ИНТЕГРАТОРЫ XIX ВЕКА
В итоге выработалось четкое разделение на латышский крестьянский язык – Bauernsprache – и немецкий язык культуры и политики – Kultursprache. Хотите стать частью политической нации? Говорите по-немецки. И да, конечно, нужно будет признать… нет, не оккупацию – концепцию «немецкой Лифляндии». То есть порядок вещей, при котором земля принадлежит немецким баронам, политическая власть принадлежит немецкому дворянству и бюргерству, культурная и историческая идентичность формируется немецкими литераторами. Тогда мы позволим вам присоединиться к этой идентичности и поделимся тем, чем сможем и захотим. Используя современную латвийскую аналогию, вполне себе «интеграция по Элерте» с поправкой на XIX век.
Так вот латышам в массе своей такое предложение почему-то не понравилось. Нет, были отдельные «полунемцы», но младолатыши над ними начали смеяться уже в 1860-х. Бок напрасно грешил на вмешательство русских. Как раз Петербург к попыткам латышей «слиться в одну семью с великим русским народом», как писал Биезбердис в адресе Александру II, отнесся холодно. И тогда латыши сами взялись за дело. Пумпурс написал «Лачплесиса», а «Времена землемеров» вышли в 1879-м, всего на 8 лет позже финских «Семерых братьев».

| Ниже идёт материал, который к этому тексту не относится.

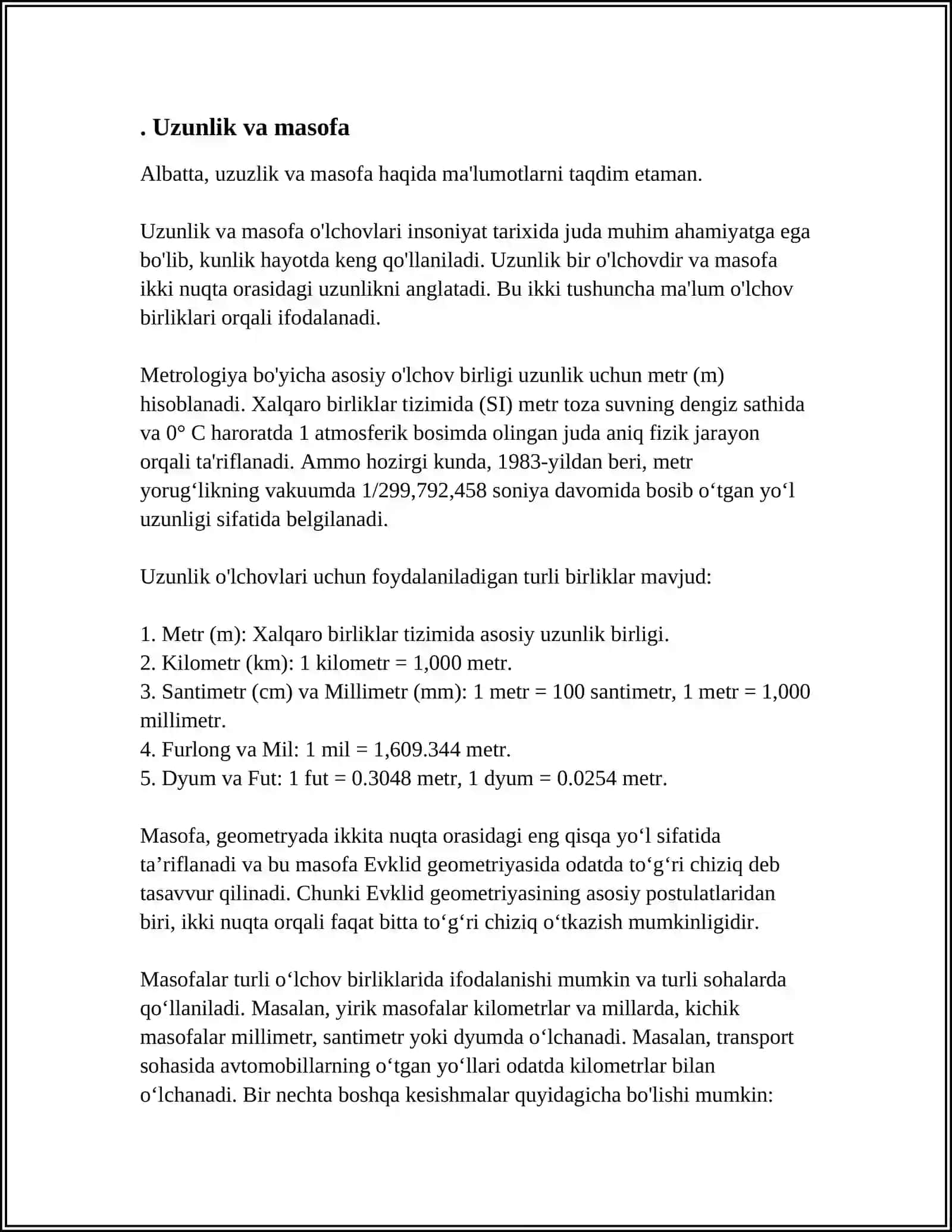 MISOLLAR YECHISH SONLI TENGLIK VA TENGSIZLIK TENGLAMALAR 4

Немцы тем временем витали в облаках. В Лифляндии живут не латыши и немцы, а лифляндцы, объединенные религией и культурой, всё незначительное различие которых – в языке, вещал пастор Вальтер. Но сколько ни говорили «халва», сколько ни писали остзейские публицисты про «лифляндскую Финляндию», а слаще во рту не становилось. К началу ХХ века ситуация на южном берегу Финского залива диаметрально отличалась от ситуации на северном.
Гром грянул в 1905-м, когда в Курземе и Видземе заполыхали баронские замки, а немцы кинулись за спасением в Петербург: «Пришлите казаков!». Шведы на том берегу залива только крутили пальцем у виска, глядя на это. Тогда пожар притушили, но еще через поколение, когда казаки «кончились», ни о каком втором госязыке – немецком – здесь не было и речи. А вскоре не осталось и самих немцев… Ни людей, ни даже топонимов.
Вот две стратегии государственного строительства. Одни пошли, казалось бы, по самоубийственному пути создания у себя под боком нового народа. А в итоге создали политическую нацию, превратили провинцию в страну, которая отстояла свою независимость. И позаботилась о том, чтобы два языка мирно ужились между собой.
Другие встали на позицию защиты своего языка и идентичности, за которой слишком уж просматривалось желание любой ценой сохранить сословные привилегии.
Для латвийских русских не надо писать былины про Илью Муромца и сочинять «Войну и мир». Всё уже имеется в наличии. Да и соотношение между русскими и латышами в Латвии куда как благоприятнее, чем между шведами и финнами. Но нет, латышский истеблишмент предпочитает идти по проторенной остзейской дорожке. Опыт тогдашних господ оказался ближе, а главное, он кажется проще и перспективнее. 150 лет назад немецким баронам тоже так казалось.